▸ **Aim of the task**: In this exercise, retype exactly and only the lines from the top of the entries below through the line that holds "Schwer angeschlagen: Paul Simonis.", omitting pictures.

Short text fragments from websites
* * * * *

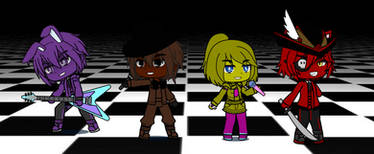 The FNAF 1 Crew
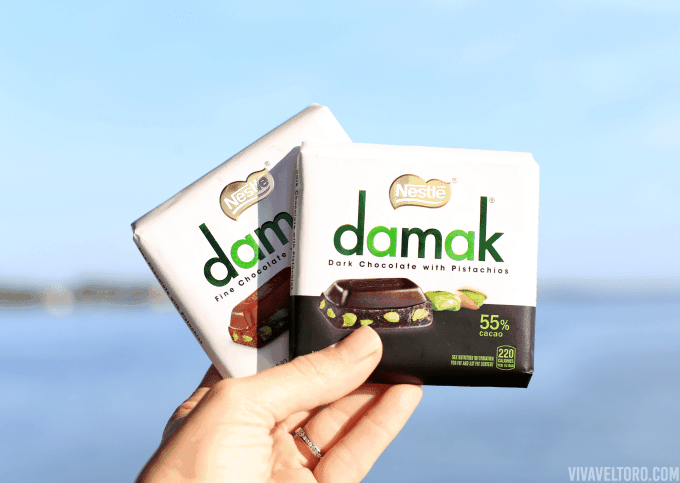 NESTLE Damak Chocolate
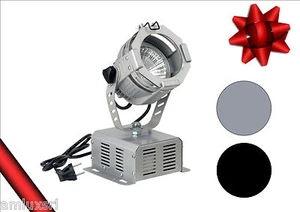 FARETTO PROIETTORE UV-BLOCK NEGOZIO VETRINA MINI MULTIPAR CDM 375 LUCI LUMINARIE - Foto 1 di 1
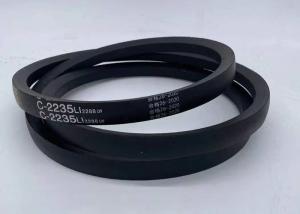 China Uniform Load Distribution SBR Rubber 14mm Thickness C V Belt factory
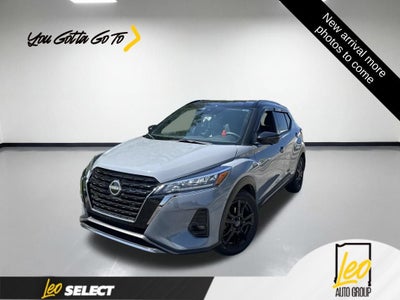 2023 Nissan Kicks SR Xtronic CVT
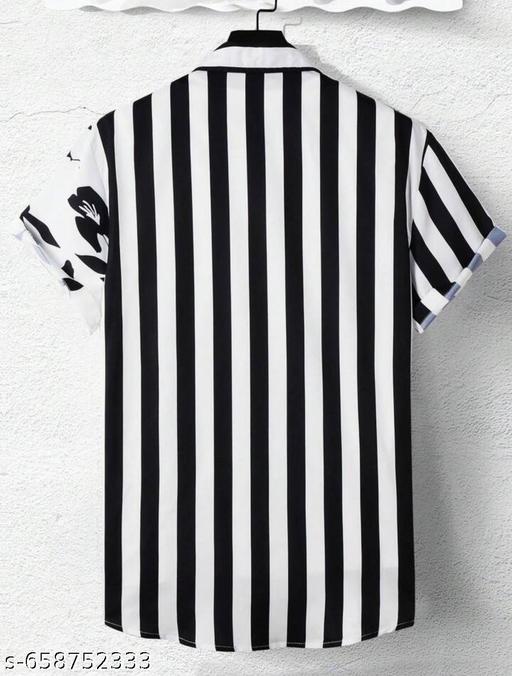Men's printed half sleeve shirts - MC-FASHIONS.COM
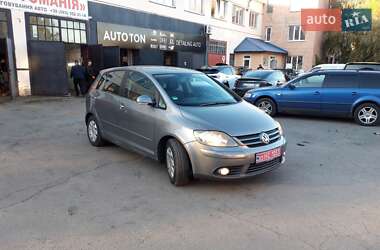 Хетчбек Volkswagen Golf Plus 2008 в Луцьку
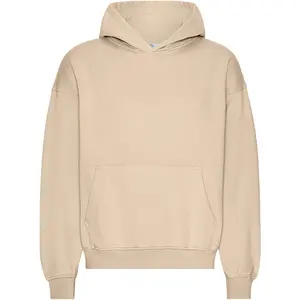 cs1015-honeybeige-sweatshirt-a-capuche-oversize-colorful-standard-organic-honey-beige-honey-beige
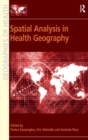 Image for Spatial Analysis in Health Geography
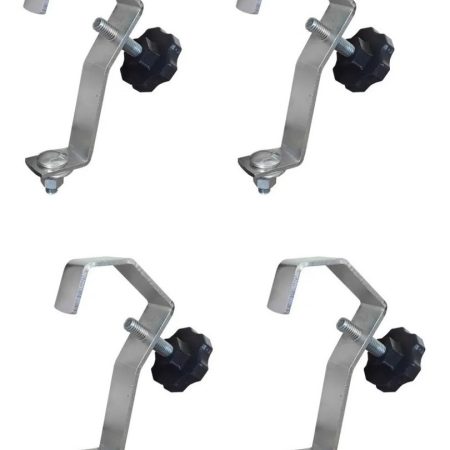 Kit X 4 Morsa M403 De Acero Efectos Led Usos Multiples - Rab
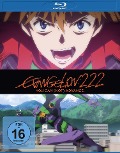 Cover-Bild zum Titel 'Evangelion 2.22 - You can (not) advance' von 'Hideaki Anno, Shirô Sagisu'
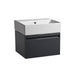 Tavistock Forum Vanity Unit - Wall Hung 1 Drawer Unit - Unbeatable Bathrooms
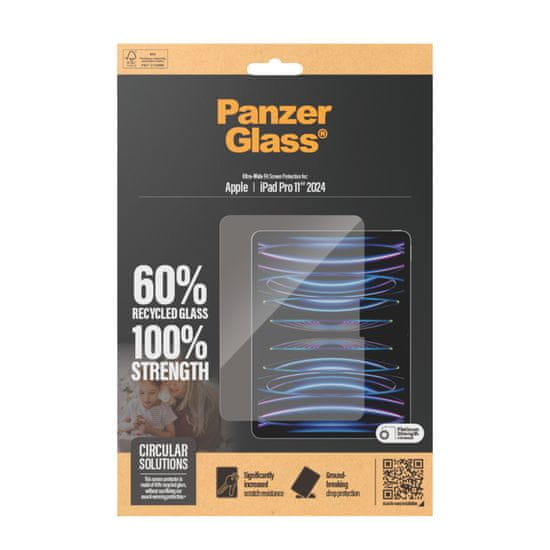 PanzerGlass tvrzené sklo Apple iPad Pro 11" 2024 (2831)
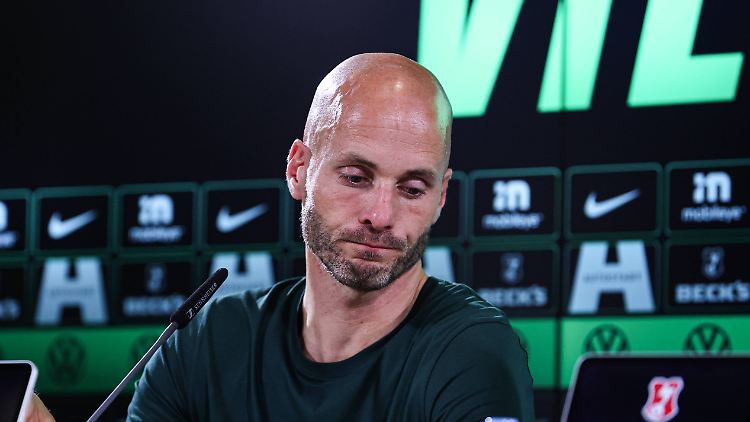 Schwer angeschlagen: Paul Simonis.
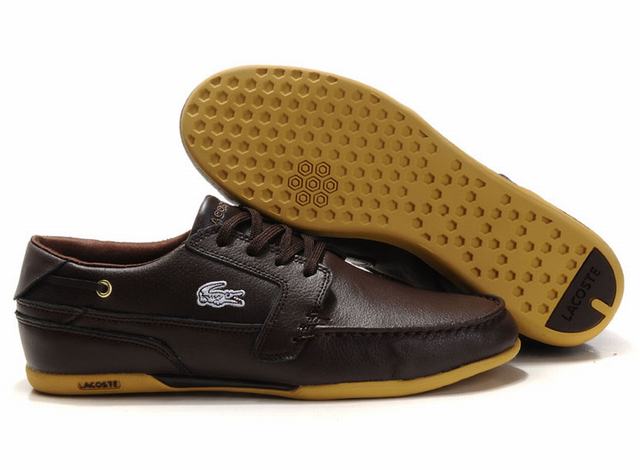 lacoste solde chaussure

* * * * *

▸ **Result of the exercise**:
 The FNAF 1 Crew
 NESTLE Damak Chocolate
 FARETTO PROIETTORE UV-BLOCK NEGOZIO VETRINA MINI MULTIPAR CDM 375 LUCI LUMINARIE - Foto 1 di 1
 China Uniform Load Distribution SBR Rubber 14mm Thickness C V Belt factory
 2023 Nissan Kicks SR Xtronic CVT
Men's printed half sleeve shirts - MC-FASHIONS.COM
 Хетчбек Volkswagen Golf Plus 2008 в Луцьку
 cs1015-honeybeige-sweatshirt-a-capuche-oversize-colorful-standard-organic-honey-beige-honey-beige
 Image for Spatial Analysis in Health Geography
 Kit X 4 Morsa M403 De Acero Efectos Led Usos Multiples - Rab
 Cover-Bild zum Titel 'Evangelion 2.22 - You can (not) advance' von 'Hideaki Anno, Shirô Sagisu'
 Tavistock Forum Vanity Unit - Wall Hung 1 Drawer Unit - Unbeatable Bathrooms
 PanzerGlass tvrzené sklo Apple iPad Pro 11" 2024 (2831)
 Schwer angeschlagen: Paul Simonis.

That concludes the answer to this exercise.